Le FMI enfin devrait compléter ce dispositif en apportant une contribution financière de l’ordre de 250 milliards d’euros, ce qui porte le montant global de l’enveloppe à 750 Milliards. Cette somme est à mettre en rapport avec les besoins de financement du Portugal, de l’Espagne et de l’Irlande réunis qui totalisent, d’après plusieurs estimations, environ 600 Milliards jusqu’à 2012.

En conclusion, si le fonds de stabilisation devait être utilisé, cela impliquerait l’émission de centaines de milliards d’euros d’emprunts d’État de la zone euro, renforçant en cela le surendettement massif de la plupart des pays européens ; dans ce contexte, la BCE va perdre son indépendance, car elle sera sommée d’assurer toujours plus la liquidité des marchés monétaires et financiers ; de fait, elle était déjà dépendante des marchés financiers, maintenant elle le sera des États.
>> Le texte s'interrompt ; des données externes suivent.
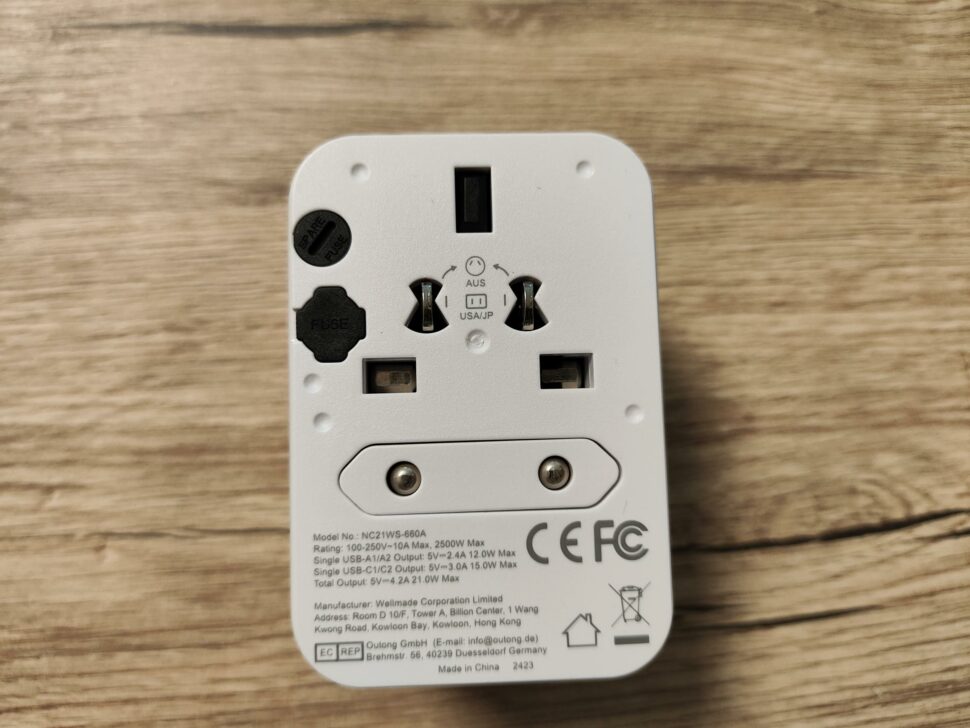 Novoo Reiseadapter Design und Verarbeitung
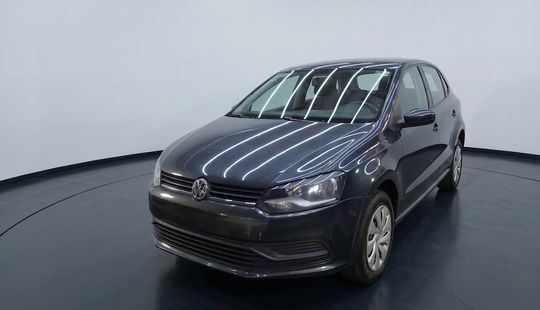 Volkswagen • Polo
Or cette dépendance vis à vis des États ne sera pas mise à profit pour soutenir le financement d’un projet de développement européen, car il n’y a pas de structure institutionnelle de l’Europe qui puisse – par un projet adéquat - développer une telle perspective. Au contraire, la forte conditionnalité du plan renforce la pression sur tous les gouvernements européens pour qu’ils adoptent des plans capables de ramener leurs déficits dans les clous du Pacte de Stabilité d’ici 2014 au plus tard. Cela devrait donc renforcer les pressions déflationnistes s’exerçant sur la zone euro (faible croissance et inflation à moyen terme), De plus, on peut penser que l’euro va, dans les prochains mois, continuer de reculer par rapport au dollar en raison des liquidités injectées par la BCE : les actifs de la BCE vont se dégrader à mesure que la Banque centrale achètera de la dette de mauvaise qualité émises par les États européens.

Finalement, le plan européen a permis d’acheter du temps, sans que pour autant on perçoive les nouvelles règles du jeu qui pourraient contraindre la finance internationale à rentrer dans les clous de sa mission : le seul financement de l’économie productive, et non pas la financiarisation à outrance des activités humaines et, par suite, le déchainement spéculatif sur les actifs financiers ainsi « libérés ».